Pictures left aside, return the lines below exactly, from the one with "Used 2025 Nissan Kicks SV image 13" to the end, including both ends.

INPUT DATA:
::::::::

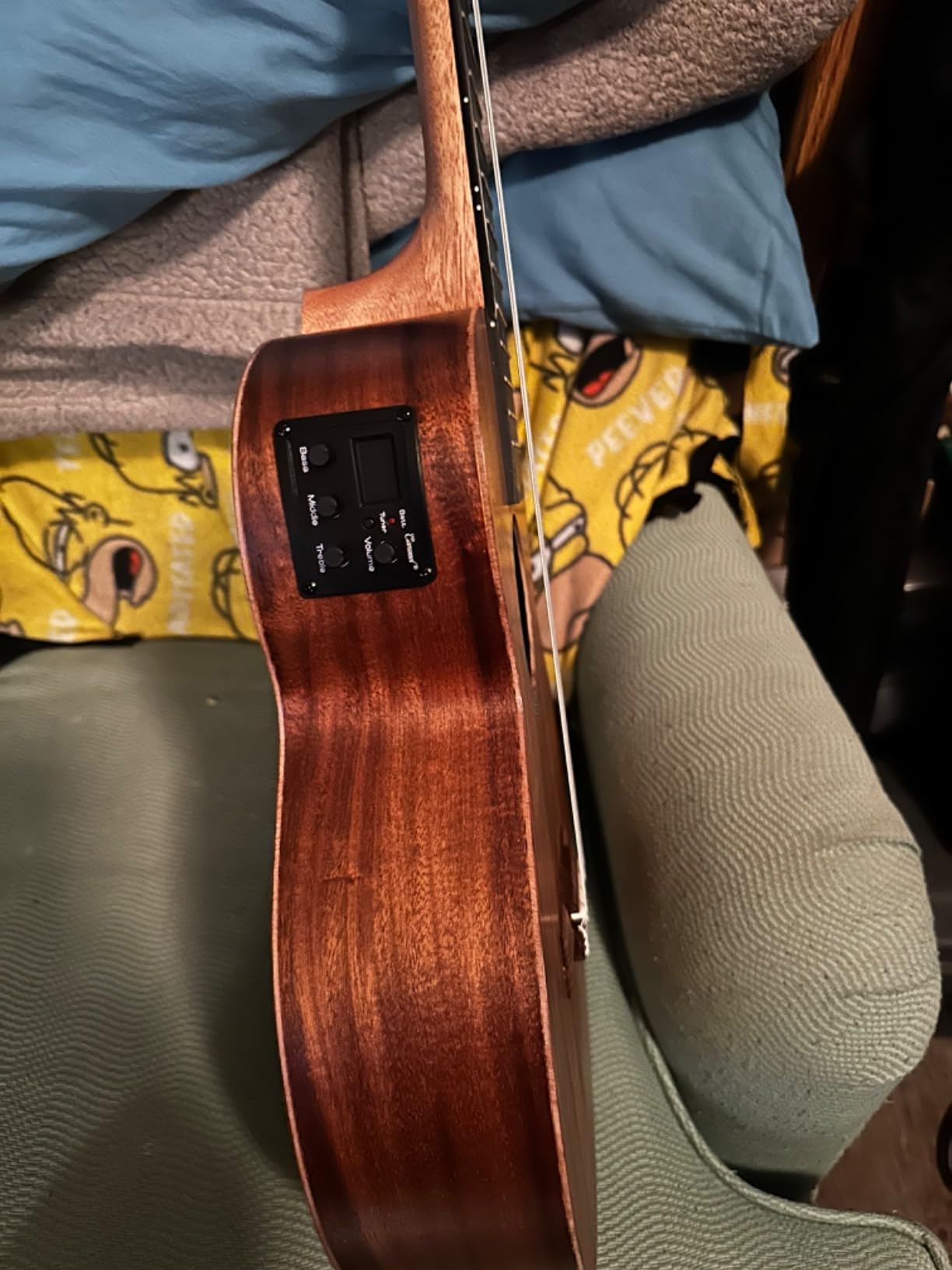 Caramel CB207 Acacia Baritone Acoustic Electric Ukulele with Truss Rod customer photo 1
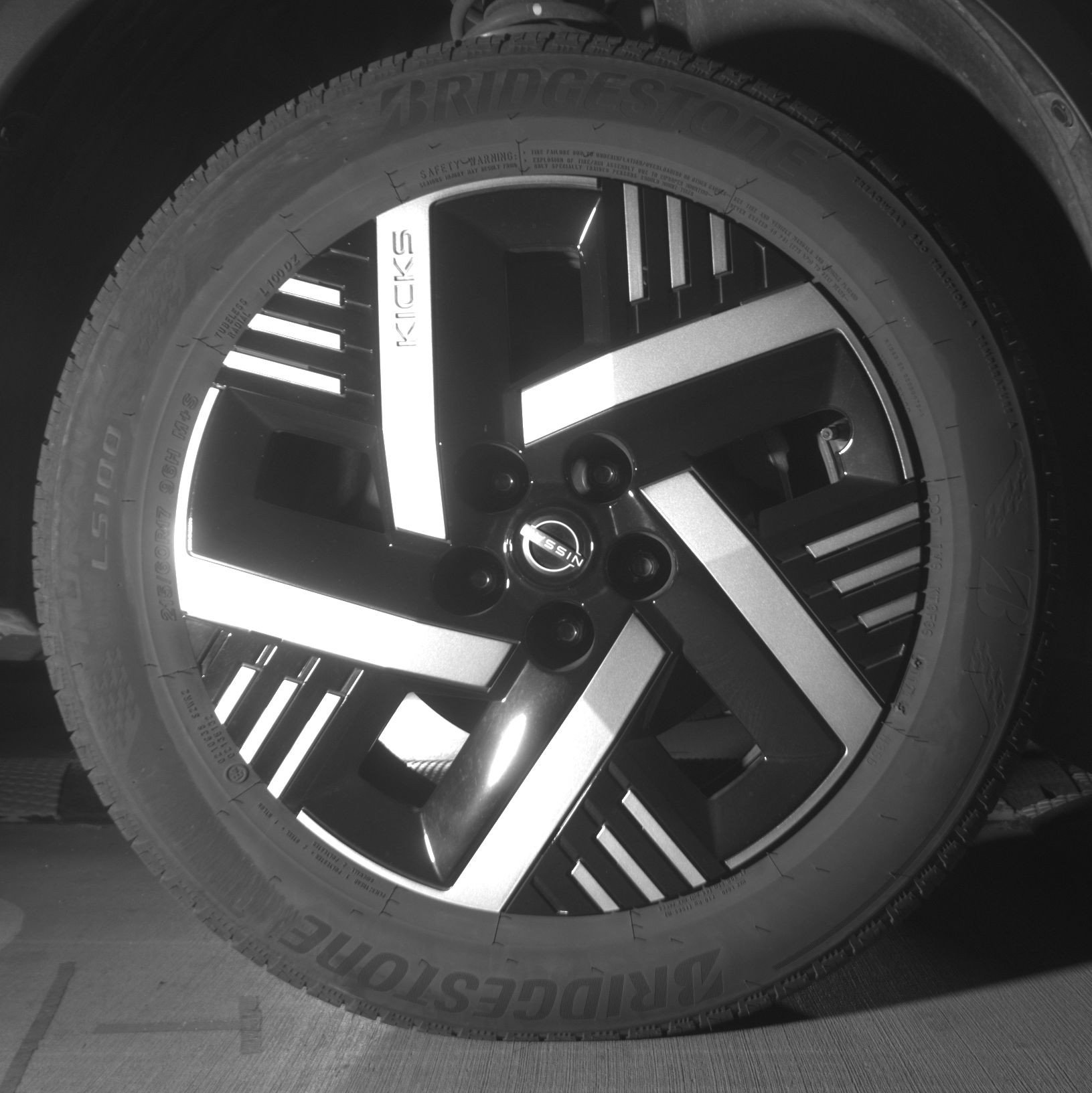 Used 2025 Nissan Kicks SV image 13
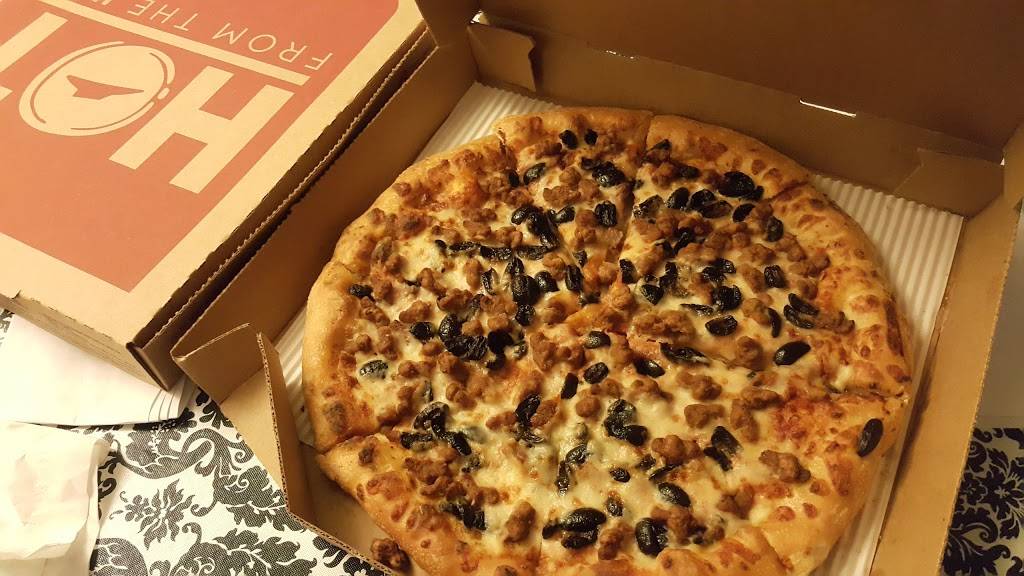 Pizza Hut | restaurant | 5815 Leesburg Pike, Falls Church, VA 22041, USA | 7038248400 OR +1 703-824-8400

::::::::

ANSWER:
 Used 2025 Nissan Kicks SV image 13
 Pizza Hut | restaurant | 5815 Leesburg Pike, Falls Church, VA 22041, USA | 7038248400 OR +1 703-824-8400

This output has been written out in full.